L’open space, producteur de nuisances sonores

Depuis le 31 août 2021, les entreprises ne sont plus contraintes à un minimum de jours de télétravail hebdomadaire. C’est donc le retour au bureau pour nombre de Français, malgré l’enthousiasme grandissant autour du travail à domicile. Ils retrouvent donc leur bureau entouré des autres. En effet, environ deux tiers des salariés sont en open space ou partagent l’espace de travail avec au moins deux personnes.

L’open space, mis en place pour faciliter les échanges et encourager les équipes à travailler en collectif, a aussi des inconvénients pour certains. Avant la pandémie, en 2019, déjà 29 % des salariés se disaient gênés par le bruit au travail. Après le premier confinement, en juillet 2020, 57 % d’entre eux s’estimaient plus sensibles à la qualité de l’environnement sonore qu’avant la crise sanitaire, selon une enquête du Centre d’information sur le bruit. “Les conversations intelligibles sont la gêne la plus intensément perçue”, d’après l’Institut national de recherche et de sécurité pour la prévention des accidents du travail et des maladies professionnelles (INRS).

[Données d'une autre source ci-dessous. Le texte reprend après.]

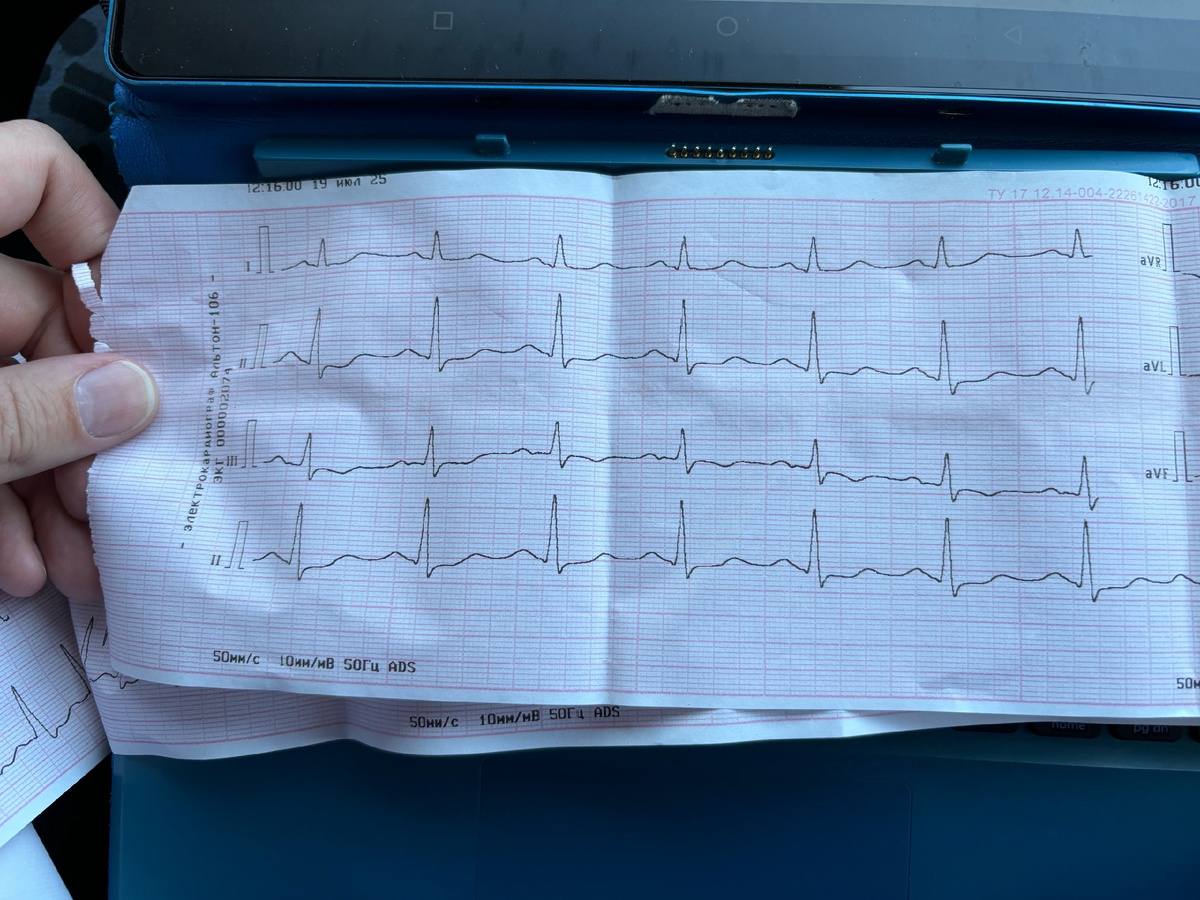 ЭКГ до, во время и после введения АТФ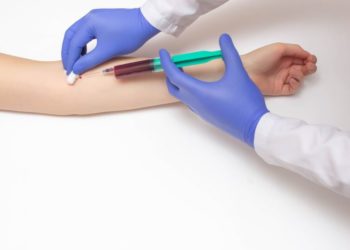 Comment soigner une urée élevée ?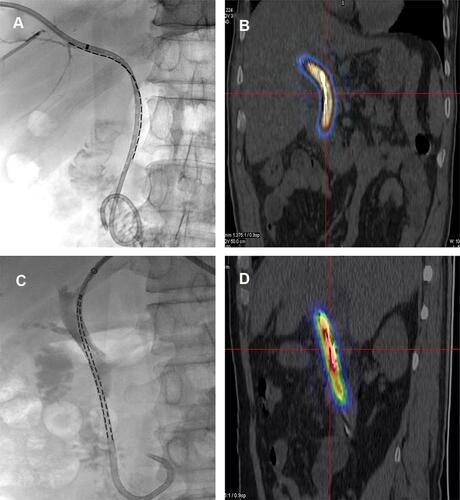 Figure 3 (A, B) Single 125I seeds strand combined with self-expandable metallic stent (SEMs) for malignant obstructive jaundice (Control group); (C, D) a novel brachytherapy biliary drainage catheter (BBDC group, double-strands) combined with SEMs for cholangiocarcinoma with malignant obstructive jaundice.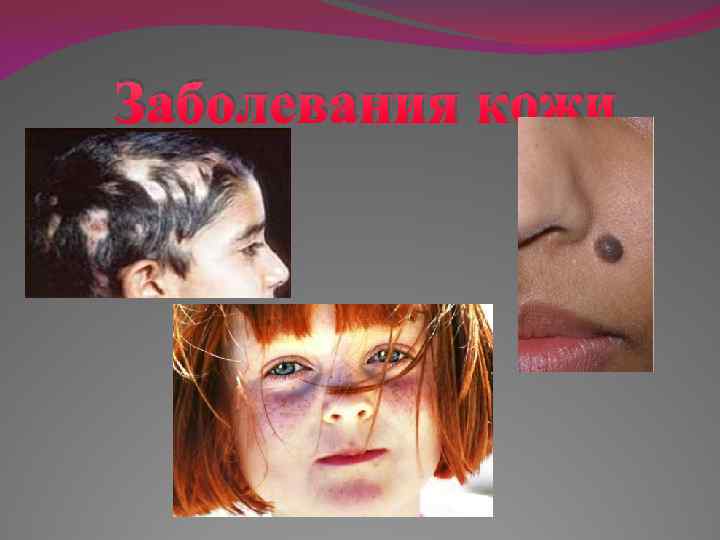 Заболевания кожи 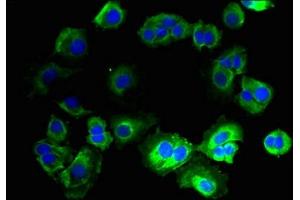 Immunofluorescent analysis of MCF-7 cells using ABIN7165213 at dilution of 1:100 and Alexa Fluor 488-congugated AffiniPure Goat Anti-Rabbit IgG(H+L) (CNIH3 Antikörper  (AA 94-138))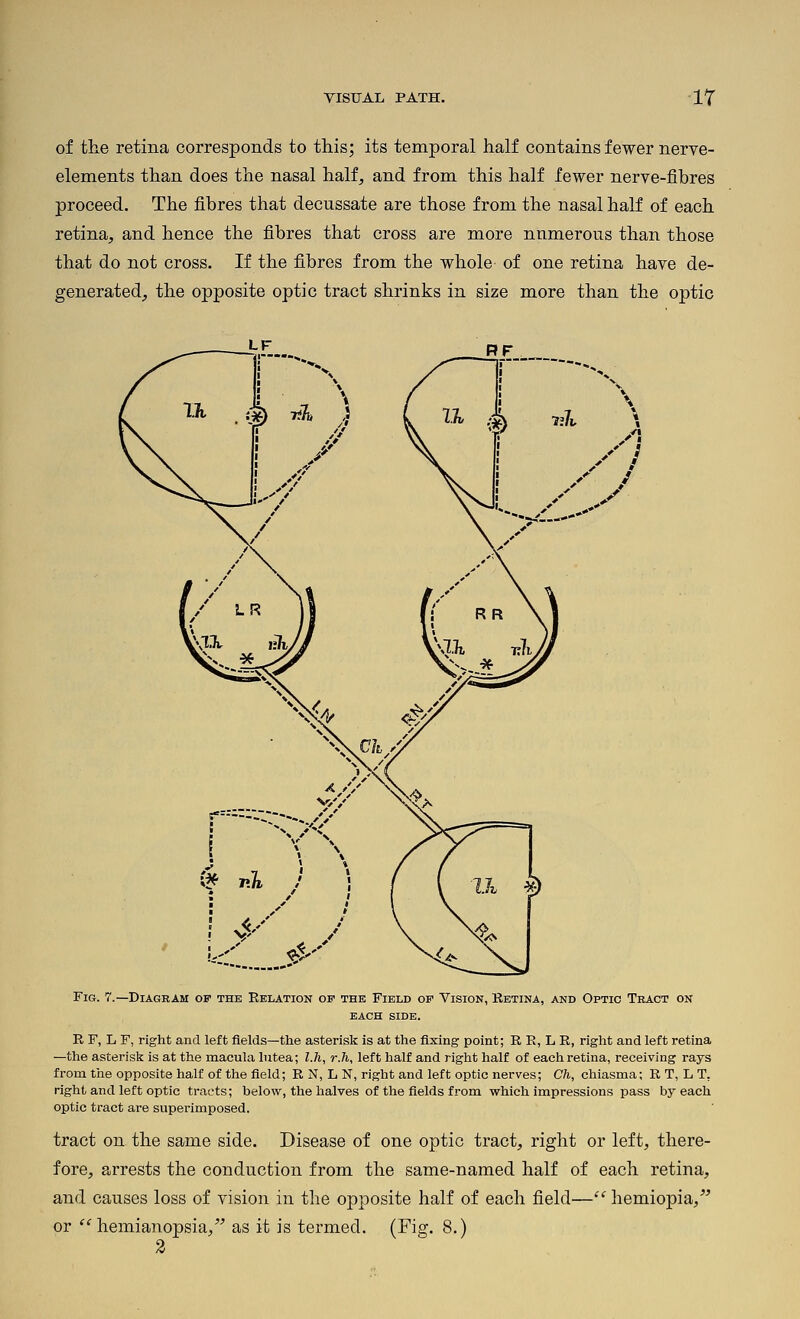 VISIJAL PATH. ■ir of the retina corresponds to this; its temporal half contains fewer nerve- elements than does the nasal half, and from this half fewer nerve-fibres proceed. The fibres that decussate are those from the nasal half of each retina, and hence the fibres that cross are more numerous than those that do not cross. If the fibres from the whole of one retina have de- generated, the opposite optic tract shrinks in size more than the optic LF RF Fig. 7.—Diagram of the Relation of the Field of Vision, Kbtina, and Optic Tract on each side. R F, L F, right and left fields—the asterisk is at the fixing point; R R, L R, right and left retina —the asterisk is at the macula lutea; l.h, r.h, left half and right half of each retina, receiving rays from the opposite half of the field; R N, L N, right and left optic nerves; Ch, chiasma; R T, L T, right and left optic tracts; below, the halves of the fields from which impressions pass by each optic tract are superimposed. tract on the same side. Disease of one optic tract, right or left, there- fore, arrests the conduction from the same-named half of each retina, and causes loss of vision in the opposite half of each field— hemiopia, or ''hemianopsia, as it is termed. (Fig. 8.)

Le bruit et ses effets sont encadrés par la législation. Cependant, l'intensité sonore en open-space est généralement en dessous du seuil d'alerte de 80 dB(A) pendant huit heures de travail. L'INRS mesure généralement 50 à 60 dB(A) en bruit ambiant. Ainsi, la législation ne prend pas en compte les nuisances sonores qui déconcentrent les salariés

Les conséquences du bruit au travail

Travailler avec des nuisances sonores autour d’eux a des conséquences sur la santé des salariés. Cela peut produire de l’insatisfaction : l’exposition quotidienne au bruit des conversations, des sonneries de téléphone, etc. créé une hausse de l’irritabilité des collaborateurs qui ont du mal à se concentrer. Cela peut même conduire à des tensions entre les employés. Le bruit est aussi un catalyseur de stress et de fatigue : ils sont 8 actifs sur 10 à estimer que le bruit et les nuisances sonores au travail provoquent de la fatigue, une perte d’attention et des maux de tête.

Mais il y a aussi des conséquences sur le travail en lui-même, notamment concernant la performance. Un actif perd en moyenne 30 minutes de travail par jour à cause de la gêne liée au bruit, d’après une enquête publiée par l’association Journée Nationale de l’Audition. On note également une volonté de désertion du lieu de travail pour les collaborateurs les plus gênés. Il y a une hausse de la demande de télétravail et des réservations des salles de réunions pour être au calme. Pour l’instant, les entreprises n’apportent pas de vraie solution viable à leurs employés. Il ne leur reste plus qu’à ressortir leurs bouchons d’oreilles ou à investir dans un casque anti-bruits.